Complete step by step answer:
As in the question we are given the temperature $T = 1127K$ .The total pressure given is ${P_T} = 1atm$. Let us consider the total mass of the gaseous mixture to be $100g$. Then the mass of $CO$ will be $90.55g$ and the mass of $C{O_2}$will be $\Rightarrow 100 - 90.55 = 9.45g$. The molecular mass of $CO$ is $28$ and the molecular mass of $C{O_2}$ will be $44$. The moles of $CO$ will be $\Rightarrow {n_{CO}} = \dfrac{{90.55}}{{28}} = 3.234mol$. The moles of $\Rightarrow {n_{C{O_2}}} = \dfrac{{9.45}}{{44}} = 0.215mol$. The partial pressure of $CO$ will be
$\Rightarrow {P_{CO}} = \dfrac{{{n_{CO}}}}{{{n_{CO}} + {n_{C{O_2}}}}} \times {P_T} \\\ \Rightarrow {P_{CO}} = \dfrac{{3.234}}{{3.234 + 0.215}} \times 1 \\\ \Rightarrow {P_{CO}} = 0.938atm \\\$
The partial pressure of $C{O_2}$ will be
$\Rightarrow {P_{C{O_2}}} = \dfrac{{{n_{C{O_2}}}}}{{{n_{CO}} + {n_{C{O_2}}}}} \times {P_T} \\\ \Rightarrow {P_{C{O_2}}} = \dfrac{{0.215}}{{3.234 + 0.215}} \times 1 \\\ \Rightarrow {P_{C{O_2}}} = 0.062atm \\\$
Now the ${K_p}$ of the equation is given by ,
${K_P} = \dfrac{{{{[{K_{CO}}]}^2}}}{{[C{O_2}]}} = \dfrac{{{{(0.938)}^2}}}{{0.062}} = 14.19$
The relation between the ${K_P}$ and the ${K_C}$ of a chemical equation is given by the formula
$\Rightarrow {K_P} = {K_C}{(RT)^{\Delta n}}$. Here $R$ is the ideal gas constant and $\Delta n$ is the change in mole of the chemical equation. Now putting the values we can find the ${K_c}$ for the reaction.

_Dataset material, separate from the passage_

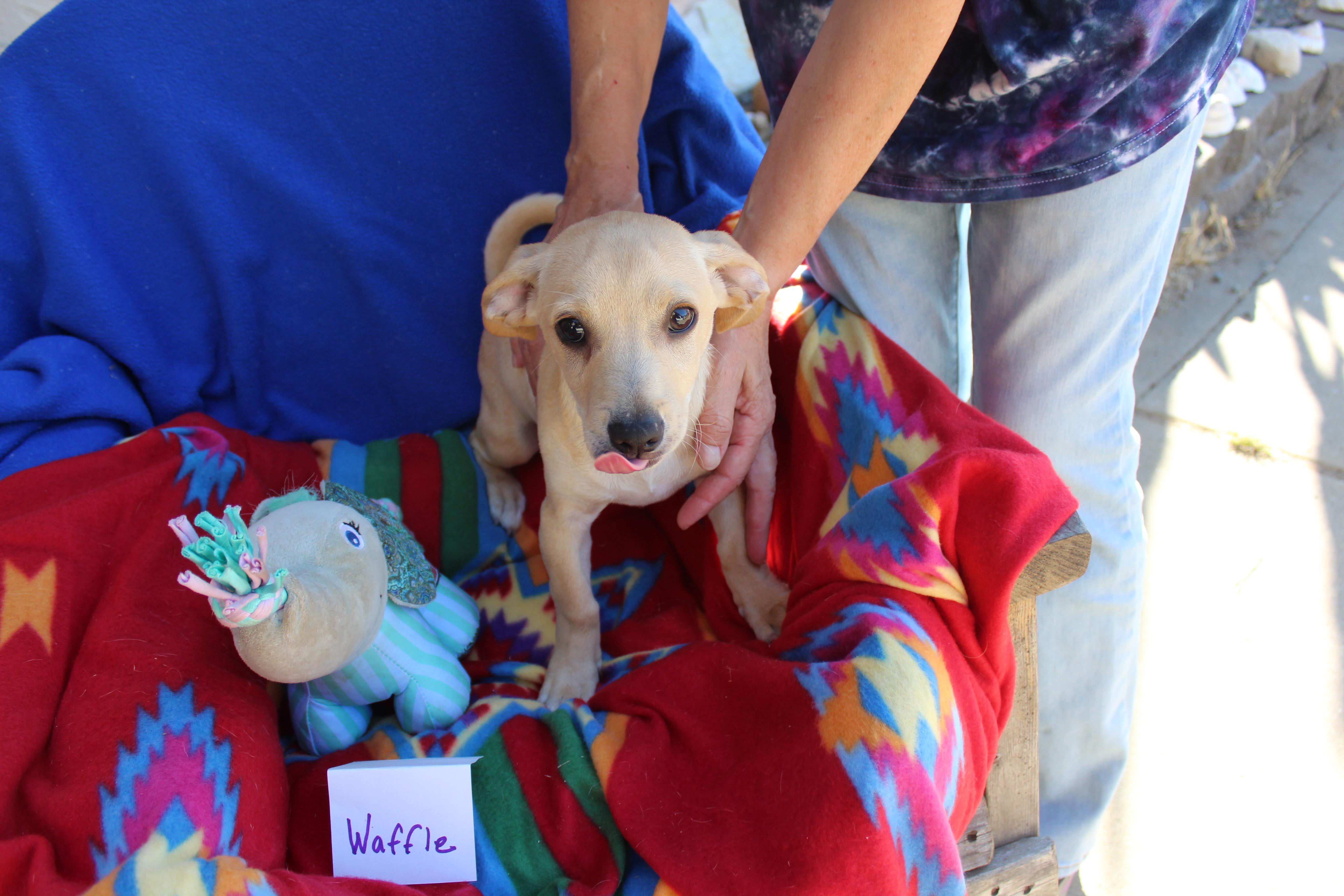 Enlarge Waffle, a Adopted mixed breed in Imperial Beach, CA image 4/6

$\Rightarrow {K_P} = {K_C}{(RT)^{\Delta n}} \\\ \Rightarrow {K_C} = \dfrac{{{K_P}}}{{{{(RT)}^{\Delta n}}}} \\\ \Rightarrow {K_C} = \dfrac{{14.19}}{{(0.082 \times 1127)}} \\\ \Rightarrow {K_C} = 0.154 \\\$
So from the above explanation and calculation it is clear to us that the correct answer of the given question is $\Rightarrow {K_C} = 0.154$.

Additional information: The ideal gas equation is given by the formula $\Rightarrow PV = nRT$. $P$ is the pressure of the gas , $V$ is the volume of the gas , $R$ is the ideal gas constant, $n$ is the number of moles.

Note: Always remember that the relation between ${K_P}$ and the ${K_C}$ of a chemical equation is given by the formula $\Rightarrow {K_P} = {K_C}{(RT)^{\Delta n}}$.${K_c}$ is the equilibrium constant of a chemical reaction in terms of the molar concentrations and ${K_P}$ is the equilibrium constant of the reaction in terms of the partial pressure of the products and the reactants. Always avoid calculation errors while solving the numerical.